Oh my... This code reads like a whole massive hack :) But I'm really not sure that it should be done in production

I agree, it's an hack. Though tcomb's asserts are not meant to be run in production, they are a development tool. Actually they are stripped out when NODE_ENV='production'. I use tcomb when I trust the source (i.e. all errors are bugs). If you don't trust the source, you should use tcomb-validation and if an error is returned, apply some recovery strategy

In short

trusted source => assert => throws => bug
untrusted source => validate => doesn't throw => recovery

ArmorDarks commented 7 years ago

Though tcomb's asserts are not meant to be run in production,

Oh, sorry. I used wrong word. I meant to push this code into repository, so that other developers could see and use it.

Reshape input into another form just to validate already sounds to me like a form of vandalism. It effectively breaks any point in validation, because, in fact, we have to ensure that object was correctly reshaped into array and nothing broke by writing another test. Not to mention that this introduces complex, confusing and undesired logic into system.

Can't even imagine what other developer will think if he will stumble upon this validation. It supposed to give him understanding about enforced shape of the structure, not confuse him.

I agree that reshaping might be applicable to some cases, but I think it should be done only if we intend to use input in this reshaped form further.

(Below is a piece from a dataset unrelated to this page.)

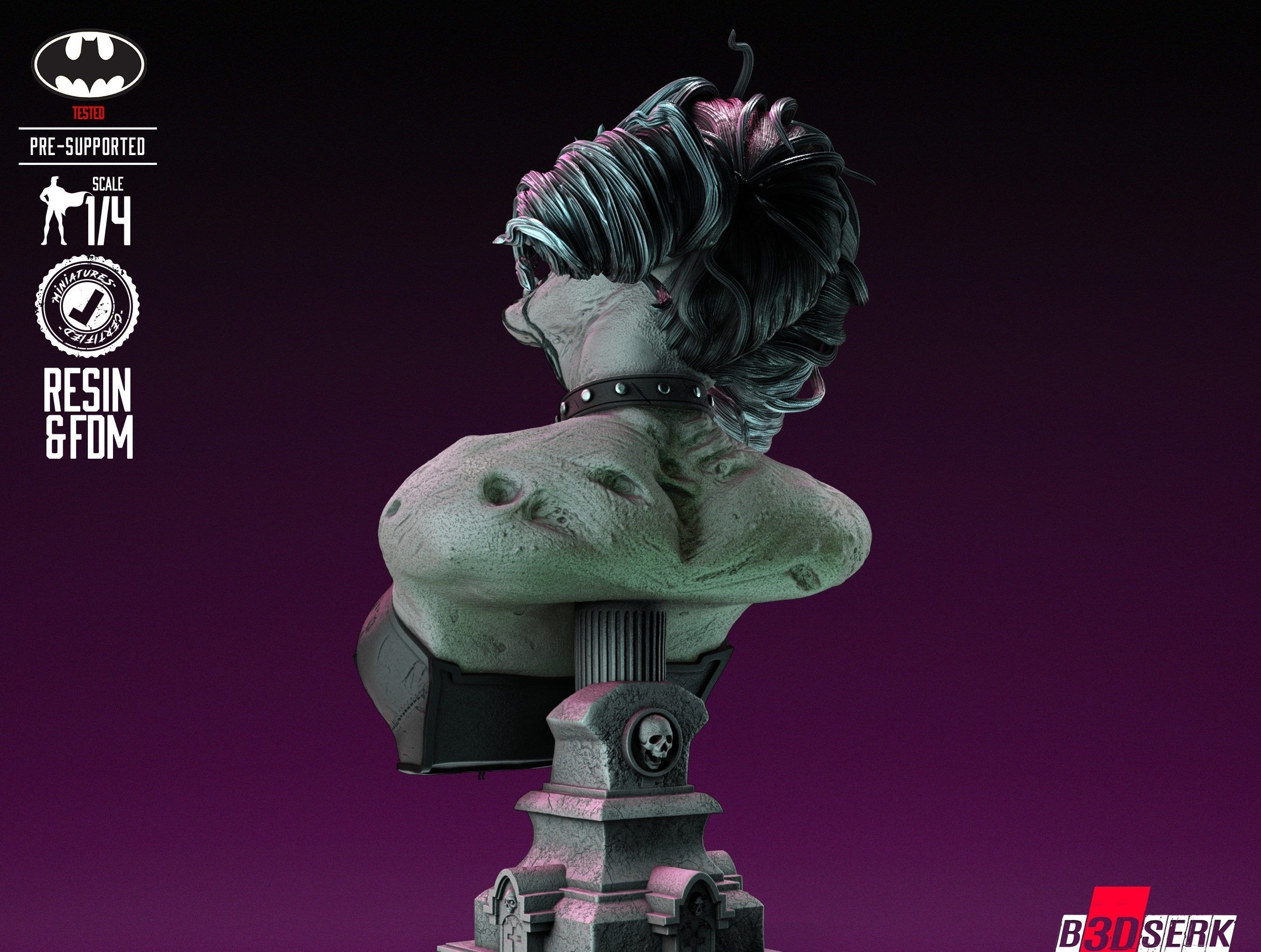 B3DSERK Harley Queen Zombie Bust Tested for 3D printing 3D print model_18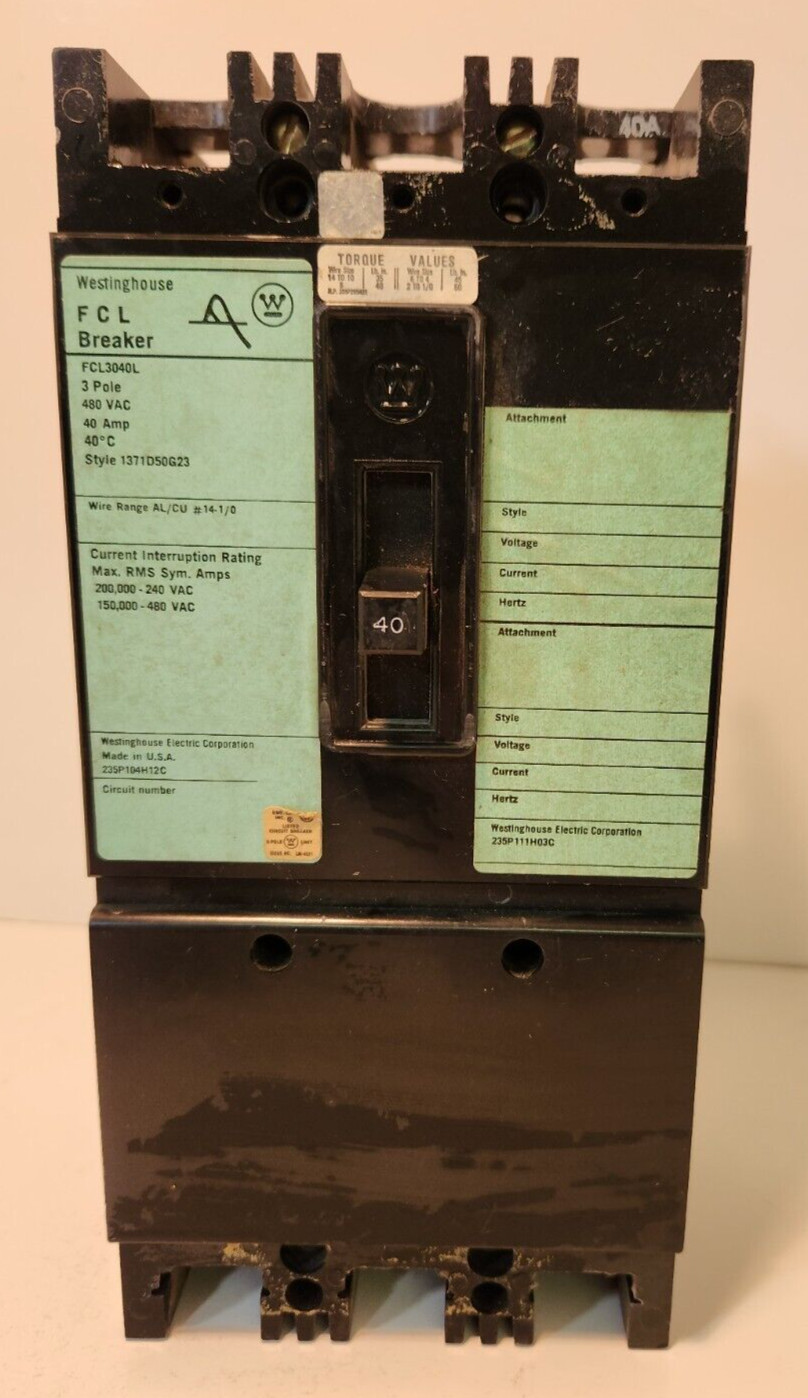 Westinghouse FCL3040L FCL Breaker – 3 Pole – 480VAC – 40 Amp – Style 1371D50G23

In such case we definitely should validate against reshaped object. But not in this case.

I use tcomb when I trust the source (i.e. all errors are bugs). If you don't trust the source, you should use tcomb-validation and if an error is returned, apply some recovery strategy

I have nothing against it. We're using tcomb-validation to validate our datasets whenever needed. I've posted this issue to tcomb because it seems to be more related to assertions and refinements rather than validation itself.